On seeing the title, I had an immediate answer for this thread... Slightly ruined by the introduction of FTL, so can't go that direction.

So, to restart the thought-process from scratch...
1) Initially, a massive dispersal of humanity. Under your granting of cheap/personal FTL, any time anyone decides they don't like their current situation, a semi-random scattering to "somewhere that might be better".
2) I am, of course, presuming that (sufficient) environmental support and sustenance and other protection is available, whether you beam yourself to Mars, Jovian moon, Kepler-452b, Barnard's Star b, anything positively mercuric, 51 Pegasi b('s best moon?), whatever might be orbitting around the Luhman 16 system or (because you have the FTL as a safety-belt) something close to Cygnus X-1. Because that'd probably discourage any use of the facility, for most people. Never mind that the rancors/sarlaccs/brain fungii/Goa'uld symbiotes/Predators(and/or)Aliens/ætherial vampires/whatever can't be ever brought back to Earth).
3) Or any actual rare Planet Paradise (unironically named) discovered by the bold-and-lucky would soak up the nearly-as-adventurous, before eventually it gets to those looking for a second home... It'd be quite a social nexus. Depending on how the effort goes to make/keep it comfortably inhabitable, you'll perhaps maintain this future. Any massive ruining of the environment by the early-adopters, or any wildcard opponents of their vision, would dilute this effect... and not increase the attractiveness of alternate destinations, except relatively.
4) With nothing stopping ease of returning, it won't actually balkanise the (slightly expanded) human-race, beyond whatever factionalism naturally arises as common enemies can now be found vying for whole planets rather than long-established geographic rivalries. Maybe the sensible people will find enough non-War World locations to stay out of it. Perhaps we'll even get places set aside for such 'sport', for the good of everyone else, but that needs some form of authority established/expanded over the whole process (the 'air traffic controllers' over the whole FTL thing?) and that's a whole 'nother variable in this equation so...

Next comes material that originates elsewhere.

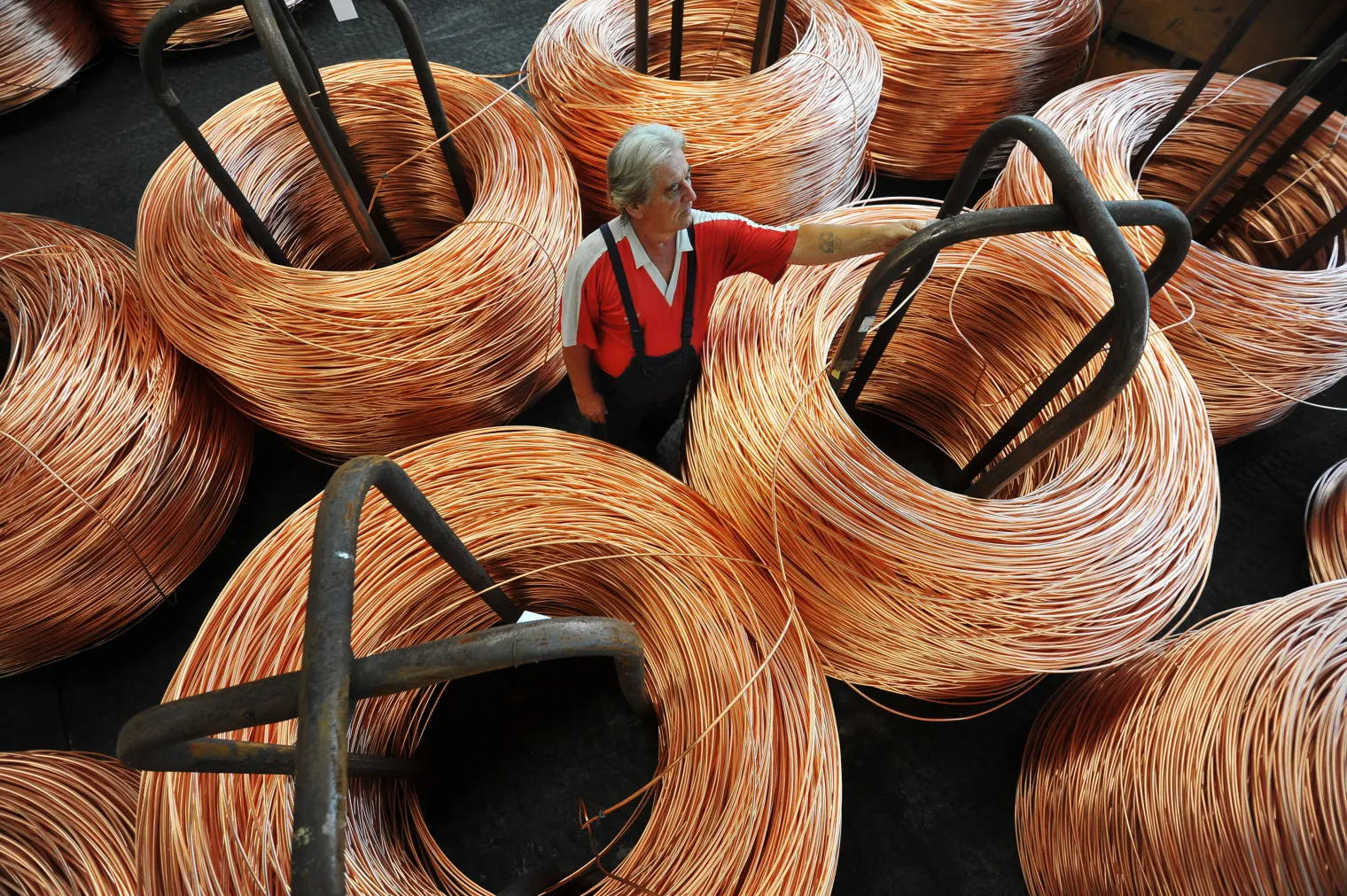 Copper Wire Manufacture At RTB Bor Copper Mine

Sorry, let's cut the attempt to put a myriad of interlinking thoughts into comprehensive and expansive exposition.

a) In the short term, wonderous awe as to what the boffins allow us to do.
b) Then very little, at least on the relative galactic level. Things on Earth may go a bit haywire, but then things down here do that anyway.
c) ...skip the rather misty intermediary...
d) If humanity lasts long enough to actually evenly spread throughout the galaxy - without in all that time dying out (by its own hand, by A Series Of Unfortunate Accidents, by the severe lack of human contact because not enough people go 23 planets over and find a suitable partner to provide a new generation willing to at least maintain the population), it'll be different. So different. But I'm not sure the odds are in our favour getting there.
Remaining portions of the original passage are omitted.